Si la conduite de la Russie à l’égard des Gilyaks les rattache étroitement à sa cause, elle est en même temps pour la plupart d’entre eux un sujet de profond étonnement. Je les ai, plus d’une fois, entendus demander : « Comment se fait-il que les Russes d’aujourd’hui ne nous oppriment ni nous tuent ? » Pour comprendre ces paroles, il faut savoir que la tradition a conservé parmi les Gilyaks le souvenir des déprédations et des violences que les premiers cosaques russes ont exercées sur leurs ancêtres.

Désirant arriver à Mariinsk avant le départ du gouverneur de la province qui s’y rendait aussi, je louai deux traîneaux pour la somme de 19 thalers à la condition que l’on me ferait faire le voyage dans le temps voulu. Ce marché conclu, je dis adieu à mes hôtes, et après leur avoir laissé une bonne provision de tabac et de thé, dont ils sont très-friands, je montai dans mon traîneau.
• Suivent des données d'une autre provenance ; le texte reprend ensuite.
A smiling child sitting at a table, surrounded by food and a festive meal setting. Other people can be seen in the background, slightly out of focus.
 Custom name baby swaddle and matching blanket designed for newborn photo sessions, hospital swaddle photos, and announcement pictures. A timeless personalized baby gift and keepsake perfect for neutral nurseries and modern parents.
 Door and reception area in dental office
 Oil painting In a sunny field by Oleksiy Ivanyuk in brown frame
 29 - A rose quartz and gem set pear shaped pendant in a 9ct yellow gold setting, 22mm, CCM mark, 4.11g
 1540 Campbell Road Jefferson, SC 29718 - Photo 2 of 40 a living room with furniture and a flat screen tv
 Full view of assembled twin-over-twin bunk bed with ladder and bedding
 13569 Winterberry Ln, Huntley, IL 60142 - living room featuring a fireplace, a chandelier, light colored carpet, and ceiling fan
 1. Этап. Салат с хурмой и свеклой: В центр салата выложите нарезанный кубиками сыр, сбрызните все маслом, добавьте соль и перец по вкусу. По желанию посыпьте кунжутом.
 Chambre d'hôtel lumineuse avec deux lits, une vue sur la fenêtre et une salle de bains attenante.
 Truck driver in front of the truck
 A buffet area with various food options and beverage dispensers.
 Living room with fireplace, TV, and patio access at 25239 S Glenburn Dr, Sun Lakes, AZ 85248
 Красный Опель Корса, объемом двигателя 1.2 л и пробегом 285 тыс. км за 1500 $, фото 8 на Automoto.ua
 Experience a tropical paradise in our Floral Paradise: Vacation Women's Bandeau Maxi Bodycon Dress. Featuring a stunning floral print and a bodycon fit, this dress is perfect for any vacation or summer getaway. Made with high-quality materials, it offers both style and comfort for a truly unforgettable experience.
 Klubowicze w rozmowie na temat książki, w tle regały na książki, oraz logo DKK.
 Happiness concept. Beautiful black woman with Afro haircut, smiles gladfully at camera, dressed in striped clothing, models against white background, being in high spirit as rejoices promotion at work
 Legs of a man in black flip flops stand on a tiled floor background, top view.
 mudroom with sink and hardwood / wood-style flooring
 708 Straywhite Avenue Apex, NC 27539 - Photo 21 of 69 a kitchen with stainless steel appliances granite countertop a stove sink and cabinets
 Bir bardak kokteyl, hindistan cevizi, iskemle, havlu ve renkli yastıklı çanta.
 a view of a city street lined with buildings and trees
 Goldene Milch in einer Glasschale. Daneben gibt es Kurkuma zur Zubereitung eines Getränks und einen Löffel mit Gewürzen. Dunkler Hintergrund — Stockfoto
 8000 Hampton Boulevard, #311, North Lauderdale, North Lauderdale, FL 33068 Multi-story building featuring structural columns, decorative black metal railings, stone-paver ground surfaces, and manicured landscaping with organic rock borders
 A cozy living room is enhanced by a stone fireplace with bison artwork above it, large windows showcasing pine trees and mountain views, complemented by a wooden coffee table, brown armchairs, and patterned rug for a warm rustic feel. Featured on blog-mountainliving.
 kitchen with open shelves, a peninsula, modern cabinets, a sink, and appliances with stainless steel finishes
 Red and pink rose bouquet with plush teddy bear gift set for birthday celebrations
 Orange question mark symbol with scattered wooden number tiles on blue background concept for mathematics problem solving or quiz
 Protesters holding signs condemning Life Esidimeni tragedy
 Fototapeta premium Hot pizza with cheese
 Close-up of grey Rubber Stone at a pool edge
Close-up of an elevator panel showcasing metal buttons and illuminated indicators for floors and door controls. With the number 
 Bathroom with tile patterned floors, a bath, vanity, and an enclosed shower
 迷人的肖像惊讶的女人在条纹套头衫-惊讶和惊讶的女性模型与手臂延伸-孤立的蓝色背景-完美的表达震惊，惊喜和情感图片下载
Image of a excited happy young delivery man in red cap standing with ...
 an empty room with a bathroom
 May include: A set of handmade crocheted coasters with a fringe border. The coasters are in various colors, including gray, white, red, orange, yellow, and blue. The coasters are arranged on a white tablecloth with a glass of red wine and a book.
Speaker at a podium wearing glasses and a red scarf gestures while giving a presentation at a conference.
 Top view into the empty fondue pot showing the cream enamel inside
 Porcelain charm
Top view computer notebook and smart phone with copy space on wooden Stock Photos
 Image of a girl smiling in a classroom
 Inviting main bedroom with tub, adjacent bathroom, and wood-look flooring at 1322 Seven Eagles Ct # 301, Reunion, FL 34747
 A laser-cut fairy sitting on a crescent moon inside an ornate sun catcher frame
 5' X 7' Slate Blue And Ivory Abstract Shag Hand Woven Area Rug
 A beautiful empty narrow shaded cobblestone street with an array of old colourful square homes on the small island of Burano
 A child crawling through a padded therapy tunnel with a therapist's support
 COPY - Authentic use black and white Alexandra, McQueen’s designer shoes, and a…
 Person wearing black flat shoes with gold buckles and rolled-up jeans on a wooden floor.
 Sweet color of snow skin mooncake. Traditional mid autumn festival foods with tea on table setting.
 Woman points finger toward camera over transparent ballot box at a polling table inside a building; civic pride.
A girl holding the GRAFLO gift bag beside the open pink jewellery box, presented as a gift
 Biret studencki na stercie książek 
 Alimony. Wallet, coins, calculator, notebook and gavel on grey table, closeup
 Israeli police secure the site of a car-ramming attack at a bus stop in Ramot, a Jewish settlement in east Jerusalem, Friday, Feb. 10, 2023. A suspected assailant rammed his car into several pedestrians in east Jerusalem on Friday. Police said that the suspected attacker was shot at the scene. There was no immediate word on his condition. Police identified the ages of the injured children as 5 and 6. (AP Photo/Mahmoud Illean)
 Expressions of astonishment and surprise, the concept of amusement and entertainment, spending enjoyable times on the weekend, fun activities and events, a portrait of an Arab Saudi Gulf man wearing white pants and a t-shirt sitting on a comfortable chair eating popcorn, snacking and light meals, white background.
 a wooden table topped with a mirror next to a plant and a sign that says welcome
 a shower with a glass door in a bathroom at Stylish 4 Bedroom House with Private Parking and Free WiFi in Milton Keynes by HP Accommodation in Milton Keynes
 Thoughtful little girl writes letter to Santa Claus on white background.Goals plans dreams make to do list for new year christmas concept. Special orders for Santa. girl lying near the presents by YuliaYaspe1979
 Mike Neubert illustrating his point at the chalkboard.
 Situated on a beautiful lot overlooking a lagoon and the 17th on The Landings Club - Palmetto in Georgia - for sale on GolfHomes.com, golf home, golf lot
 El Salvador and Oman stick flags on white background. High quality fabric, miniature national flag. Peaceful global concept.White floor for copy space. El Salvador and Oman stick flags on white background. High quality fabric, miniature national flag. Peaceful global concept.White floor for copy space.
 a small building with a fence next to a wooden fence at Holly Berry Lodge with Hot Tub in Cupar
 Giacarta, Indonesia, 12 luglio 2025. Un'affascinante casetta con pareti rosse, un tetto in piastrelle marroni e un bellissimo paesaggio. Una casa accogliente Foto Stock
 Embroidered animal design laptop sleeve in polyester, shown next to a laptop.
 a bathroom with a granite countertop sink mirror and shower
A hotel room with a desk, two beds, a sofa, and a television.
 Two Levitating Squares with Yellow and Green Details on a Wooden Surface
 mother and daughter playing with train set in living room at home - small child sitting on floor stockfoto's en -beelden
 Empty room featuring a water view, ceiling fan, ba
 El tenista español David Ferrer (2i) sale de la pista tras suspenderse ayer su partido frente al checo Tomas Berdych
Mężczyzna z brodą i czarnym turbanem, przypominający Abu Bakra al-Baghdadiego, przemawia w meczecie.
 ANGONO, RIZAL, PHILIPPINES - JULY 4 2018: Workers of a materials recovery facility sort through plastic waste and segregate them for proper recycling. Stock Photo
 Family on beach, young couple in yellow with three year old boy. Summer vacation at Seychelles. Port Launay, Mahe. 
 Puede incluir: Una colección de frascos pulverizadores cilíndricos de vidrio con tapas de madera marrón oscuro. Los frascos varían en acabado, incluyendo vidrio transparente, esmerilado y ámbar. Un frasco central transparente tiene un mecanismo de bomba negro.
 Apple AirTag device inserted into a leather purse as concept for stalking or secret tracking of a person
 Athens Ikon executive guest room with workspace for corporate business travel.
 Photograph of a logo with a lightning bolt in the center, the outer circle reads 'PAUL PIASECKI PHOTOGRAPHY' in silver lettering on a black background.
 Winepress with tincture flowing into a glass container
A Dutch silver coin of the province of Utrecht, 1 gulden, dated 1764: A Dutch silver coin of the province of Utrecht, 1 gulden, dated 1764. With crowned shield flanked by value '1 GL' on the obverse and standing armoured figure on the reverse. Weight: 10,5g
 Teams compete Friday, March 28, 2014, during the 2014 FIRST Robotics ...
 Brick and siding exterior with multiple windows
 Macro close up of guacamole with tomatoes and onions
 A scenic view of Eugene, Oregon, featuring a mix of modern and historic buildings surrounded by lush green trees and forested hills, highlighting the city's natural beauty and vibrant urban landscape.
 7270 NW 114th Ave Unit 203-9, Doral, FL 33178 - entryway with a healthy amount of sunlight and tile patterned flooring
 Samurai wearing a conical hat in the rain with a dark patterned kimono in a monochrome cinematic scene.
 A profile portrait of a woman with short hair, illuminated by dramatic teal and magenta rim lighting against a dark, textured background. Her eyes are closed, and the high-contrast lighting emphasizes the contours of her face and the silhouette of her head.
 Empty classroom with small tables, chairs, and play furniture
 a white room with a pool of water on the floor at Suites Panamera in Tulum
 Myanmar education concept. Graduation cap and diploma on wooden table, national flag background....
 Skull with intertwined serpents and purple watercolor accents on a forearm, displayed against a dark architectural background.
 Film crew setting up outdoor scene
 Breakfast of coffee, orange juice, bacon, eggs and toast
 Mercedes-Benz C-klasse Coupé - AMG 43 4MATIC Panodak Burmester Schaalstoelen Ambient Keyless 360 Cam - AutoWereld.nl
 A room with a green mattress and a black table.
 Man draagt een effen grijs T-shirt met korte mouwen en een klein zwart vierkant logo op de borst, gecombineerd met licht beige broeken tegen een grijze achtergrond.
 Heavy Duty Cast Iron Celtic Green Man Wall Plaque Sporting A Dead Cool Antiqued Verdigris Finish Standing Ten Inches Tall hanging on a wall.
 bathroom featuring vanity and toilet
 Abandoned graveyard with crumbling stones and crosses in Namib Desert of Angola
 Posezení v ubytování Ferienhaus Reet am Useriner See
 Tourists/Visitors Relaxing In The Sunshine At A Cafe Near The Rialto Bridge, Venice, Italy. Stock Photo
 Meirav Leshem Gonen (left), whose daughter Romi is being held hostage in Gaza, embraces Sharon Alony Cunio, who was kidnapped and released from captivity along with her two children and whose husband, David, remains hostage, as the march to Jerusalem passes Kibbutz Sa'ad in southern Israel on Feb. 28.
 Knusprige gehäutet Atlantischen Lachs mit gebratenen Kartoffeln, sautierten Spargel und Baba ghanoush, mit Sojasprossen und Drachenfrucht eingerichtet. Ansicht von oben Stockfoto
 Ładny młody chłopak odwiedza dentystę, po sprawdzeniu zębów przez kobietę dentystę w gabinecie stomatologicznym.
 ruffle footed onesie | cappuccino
Mes chiens se comportèrent si bravement que je ne tardai pas à atteindre un petit établissement du nom d’Irkustk. J’avais en route rencontré le gouverneur qui voyageait avec les chevaux de la poste, et mon attelage n’avait pas eu de peine à le laisser en arrière. N’ayant plus de motifs de me presser, je mis un moment pied à terre et j’allai me chauffer au feu d’une hutte russe. Je fis une plus longue halte à Aür pour ménager mon attelage. Aür est renommé pour ses chiens. Ces animaux, qui ressemblent à nos chiens courants, ont le poil gris, sont grands, bien découplés, et ont le pied léger. Là aussi j’entendis les habitants se plaindre amèrement des Mandchoux qui les dépouillent avec le plus odieux cynisme.

Je brûlai les étapes de Mada et de Pulza, villages situés, comme tous ceux que j’ai rencontrés depuis Nicolaïevsk, sur la rive droite de l’Amour ; je saluai avec joie le village de Suteh, habité par des cosaques russes, et vers le soir j’arrivai à Mariinsk. Quand on y apprit que je comptais remonter l’Amour, on traita mon projet de folie. Les gens les plus expérimentés prétendaient que je ne pourrais jamais me procurer la nourriture de mes quarante chiens ; que le poisson manquait dans plusieurs endroits de la rivière ; que si je ne mourais pas de faim, je serais infailliblement gelé ; et enfin que si je résistais

  1. Le vedro, mesure de capacité fort variable, semble valoir aujourd’hui un peu plus de 12 litres.